Plus encore, les acquisitions de Bob Gainey - et j'inclus ici Hal Gill, si peu inspirant que soit son jeu et si inexistant que soit son coup de patin - ont permis d'instaurer une nouvelle culture dans cette équipe. Personne n'est engoncé dans ses habitudes et il n'y a plus de vétérans qui n'en font qu'à leur tête (vous savez de qui je parle).

Ce n'est par ailleurs pas un hasard si le regain de vie du Canadien a coïncidé avec l'amélioration notable du jeu de l'équipe en supériorité et en infériorité numériques. Pour connaître du succès, les unités spéciales doivent afficher un grand synchronisme, qui faisait défaut en début de saison parce que les joueurs apprenaient encore à travailler ensemble.

Bien sûr, avec l'hibernation prolongée d'Andrei Kostitsyn (complètement perdu, hier soir) et l'exil forcé de son frère Sergei, on attend toujours l'émergence d'un deuxième trio qui constituerait une menace constante. Mais au moins, les dernières rencontres laissent entrevoir un déblocage chez de jeunes joueurs comme Matt D'Agostini, Maxim Lapierre, Guillaume Lapierre et Max Pacioretty, tandis que Tomas Plekanec a retrouvé sa confiance et son brio d'il y a deux ans.

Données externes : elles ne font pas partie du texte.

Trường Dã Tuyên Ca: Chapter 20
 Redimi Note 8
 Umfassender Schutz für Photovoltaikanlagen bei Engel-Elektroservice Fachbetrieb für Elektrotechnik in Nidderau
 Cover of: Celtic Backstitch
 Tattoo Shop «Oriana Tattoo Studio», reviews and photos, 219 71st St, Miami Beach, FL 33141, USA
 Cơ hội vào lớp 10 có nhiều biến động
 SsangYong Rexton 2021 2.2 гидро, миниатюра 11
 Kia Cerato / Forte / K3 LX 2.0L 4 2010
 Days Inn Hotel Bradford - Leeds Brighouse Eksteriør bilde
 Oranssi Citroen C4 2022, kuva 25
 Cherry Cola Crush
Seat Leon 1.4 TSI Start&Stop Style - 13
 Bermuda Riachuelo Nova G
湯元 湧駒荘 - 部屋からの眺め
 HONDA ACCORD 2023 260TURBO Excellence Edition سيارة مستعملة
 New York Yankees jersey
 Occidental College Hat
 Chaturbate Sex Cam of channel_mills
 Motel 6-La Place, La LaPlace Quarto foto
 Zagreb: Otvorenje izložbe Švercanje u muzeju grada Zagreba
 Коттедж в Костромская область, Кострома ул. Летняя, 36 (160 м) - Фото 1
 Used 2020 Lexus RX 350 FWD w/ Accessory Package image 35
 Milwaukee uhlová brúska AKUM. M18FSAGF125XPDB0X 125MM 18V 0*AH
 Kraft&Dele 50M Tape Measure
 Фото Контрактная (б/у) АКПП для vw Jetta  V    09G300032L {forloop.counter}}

Rien n'est acquis pour le CH, qui s'en remet encore un peu trop au talent de Jaroslav Halak pour gagner. Et qui s'en va affronter chez elles deux équipes dangereuses, les Penguins et les Blackhawks, cette semaine.

Mais si on tient compte des additions de Paul Mara, Travis Moen et Marc-André Bergeron, force est d'admettre que Gainey affiche une bonne moyenne au bâton. Meilleure, mettons, que celle de son rival Brian Burke, qui préside une jolie débandade à Toronto.

Les deux gros joueurs autonomes embauchés par Burke, Mike Komisarek et François Beauchemin, tirent le diable par la queue chez les Leafs, qui n'ont toujours pas gagné cette année. Le premier a l'air de trouver pénible la vie sans Andrei Markov, et le second s'ennuie visiblement de Scott Niedermayer. Pas sûr que Gainey regrette de ne pas leur avoir fait signer de contrats.

Gainey n'a pas fait que des bons coups. Le contrat de Scott Gomez risque de plomber la masse salariale du club si le plafond redescend. Et c'est sans doute jouer avec le feu que de donner un contrat de cinq ans à Brian Gionta. Mais ici et maintenant, le CH, sous la tutelle éclairée de Jacques Martin et malgré l'absence d'Andrei Markov, offre du hockey plus que potable.

Quand on pense qu'il y a une semaine, on s'apprêtait à déclarer l'état d'urgence au Centre Bell, c'est déjà un net progrès.